Description of cholecystitis
The inflammation of the gallbladder is due to the infection, delivered by bloody, lymph or more often the intestine way. Cholecystitis may develop as a separate disease or accompany some other common infection. It is very often due to cholelithiasis with the penetrating of the banal infection.
Pathogenesis of cholecystitis
The presence of a gallstone, which injures the mucosa of the gallbladder, makes easy the development of infection. It is developed easier if there is a stagnation of the gallbladder which presses on the wall of the gallbladder, injures its nutrition and defense and on the other hand, it creates conditions for the development of the penetrated microbes. One must keep in mind that at cholelithiasis stomach achylia occurs which helps the penetrating of intestine flora and also exogenous bacteria in the duodenum and bile ways.
Diagnosis and symptoms of cholecystitis
For a number of patients together with the fit with colic pain the temperature rises and lasts though the pain becomes weaker. Then the subicterus develops; jaundice is not characteristic of cholecystitis. The temperature is constant or remittent, septic. The pulse becomes quicker, the tongue dries, and high leucocytosis develops. If there is an obstacle in the emptying of the gallbladder, you may pulp it thickened, tender with a strong round bottom. Cholecystitis may be acute, subacute, or chronic. At catarrhal cystitis, the clinical picture is easier and the treatment of the patient improves.

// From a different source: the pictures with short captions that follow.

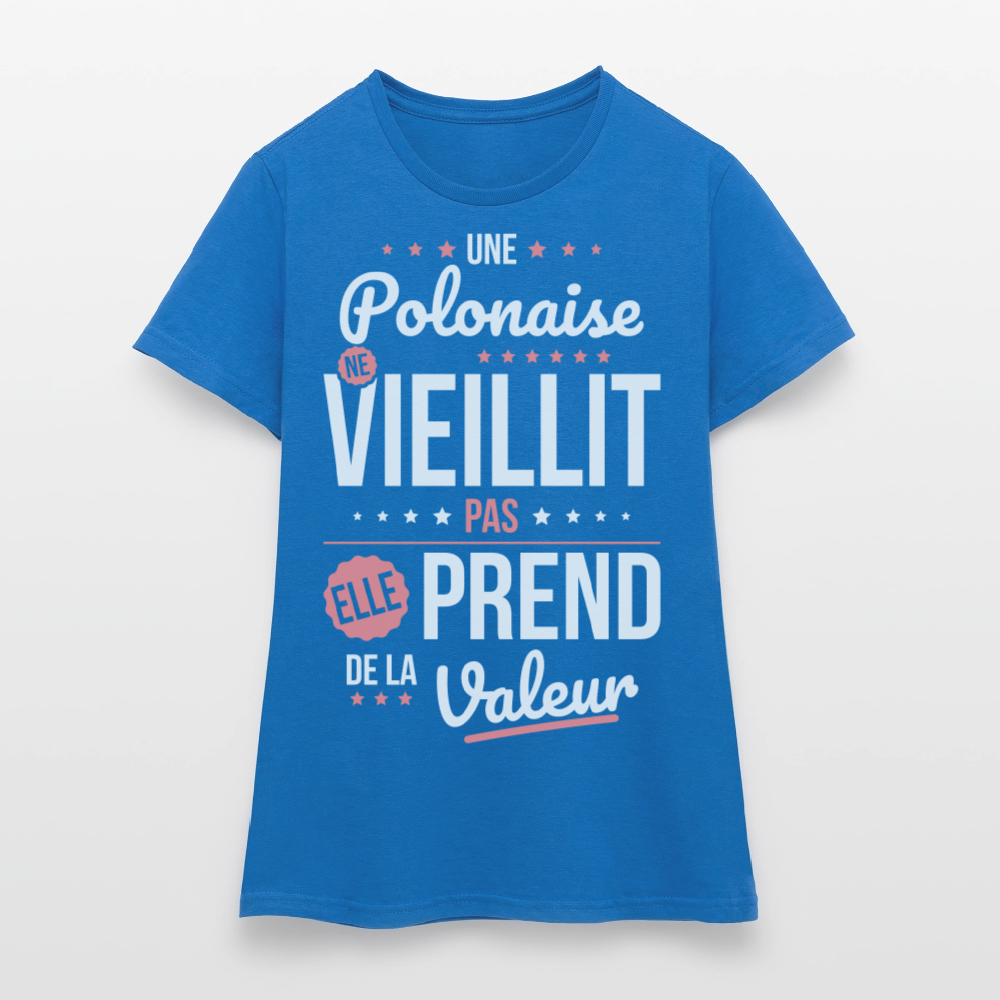 T-shirt Femme - Une Polonaise ne vieillit pas - bleu royal
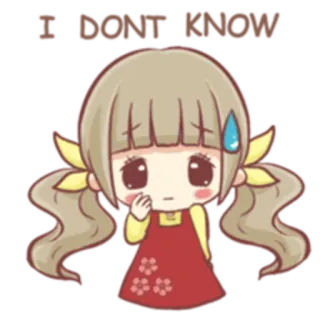😥 I DON'T KNOW Аниме, Девушка, Вопрос, Грустный, Смущенный, Милый telegram sticker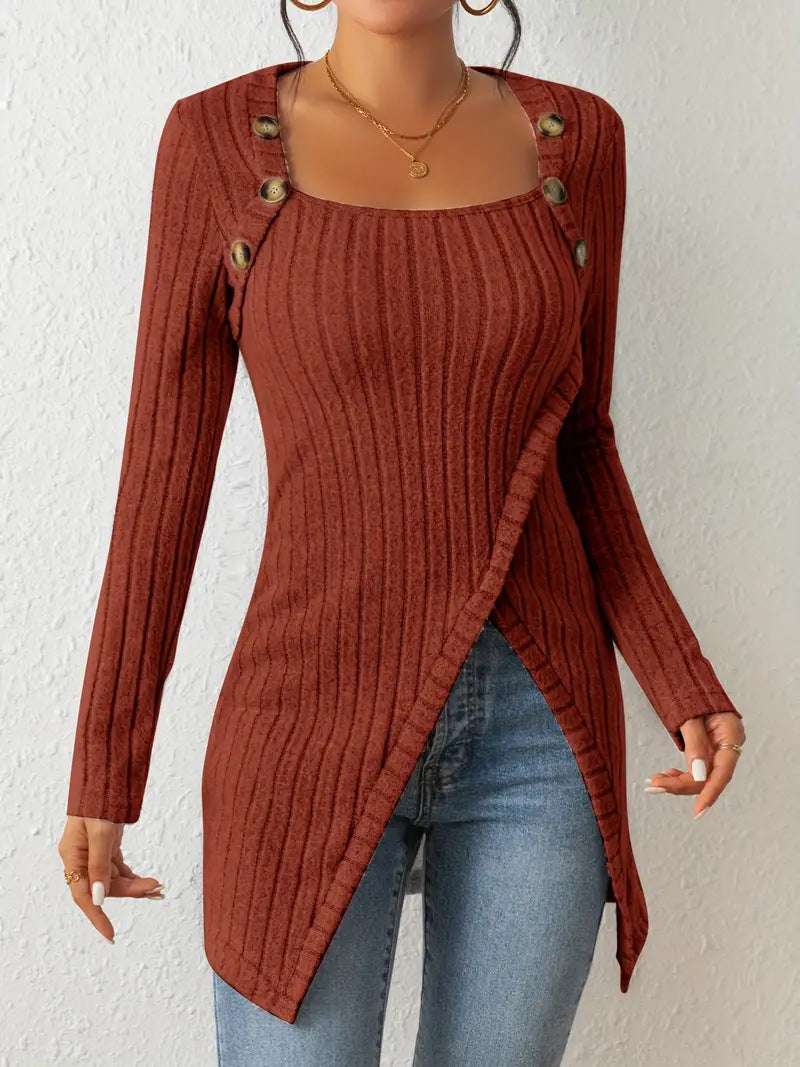 Square Collar Irregular Knitted Top With Button Design Fashion Solid Long-sleeved Long Top For Women Clothing - CanvasSphere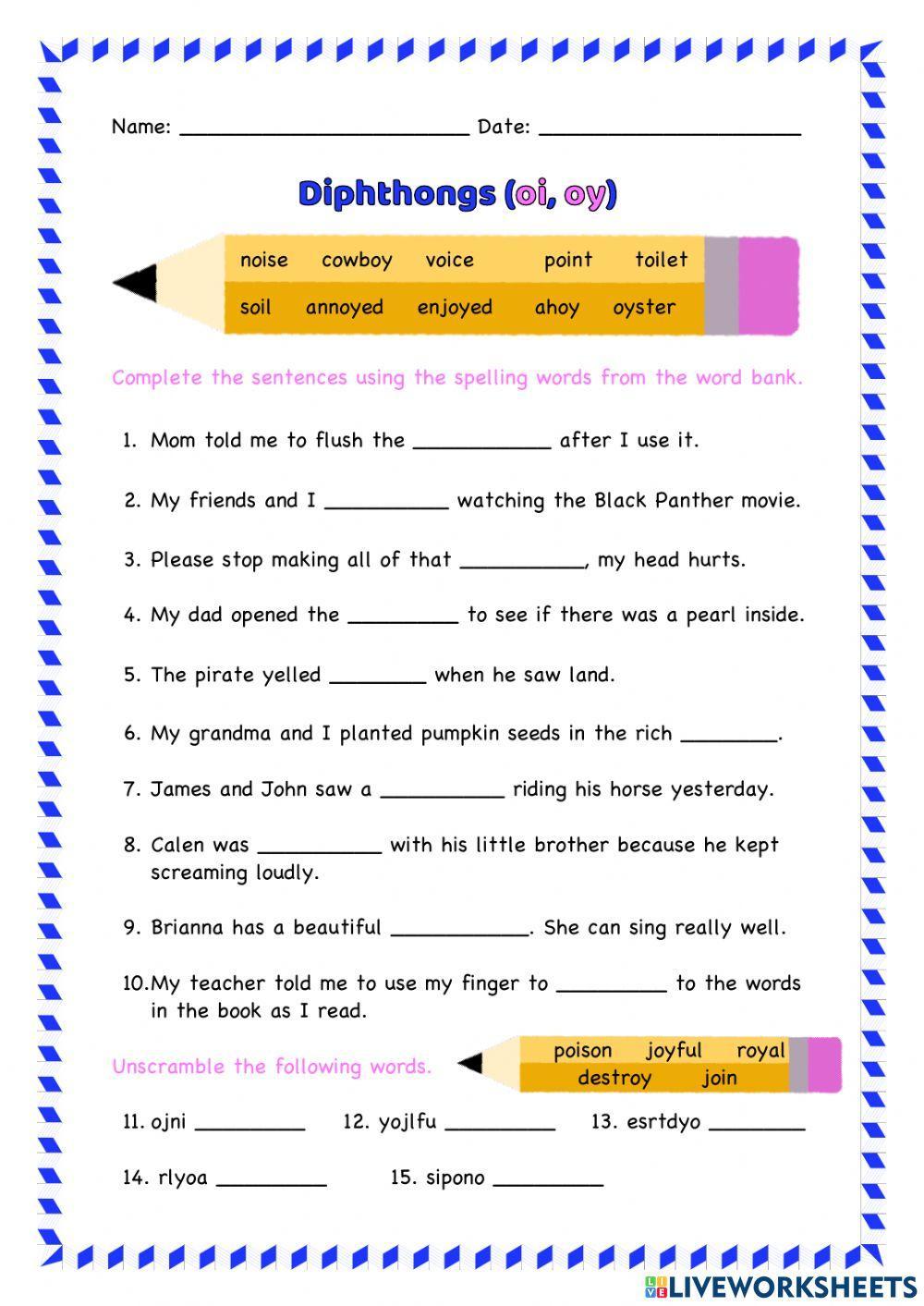 Diphthongs (oi and oy)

If festering cystitis develops, local peritonitis can occur. The strong pain, high temperature and chills, obvious light defense, feeling of rubbing, and high leucocytosis show the festering process. In many cases the common condition becomes wrong quickly, the local pain develops and soon after that the symptoms of diffusion acute peritonitis occur.
Cholecystitis diet plan
The diet in complicated cases must be against inflammation, starting in the liver. It is recommended: flour porridges, creams, jelly, purees, soups, compotes, and crackers. The diet is widened when the patient feels better: milk, soups, fresh meat, vegetables, potatoes, etc. Fat, eggs, spices, preserved meat, and fish, alcohol, cold meals, fried, sour, salty things, pickles, and spinach must be eliminated from the menu. The diet must be mainly milk-vegetable.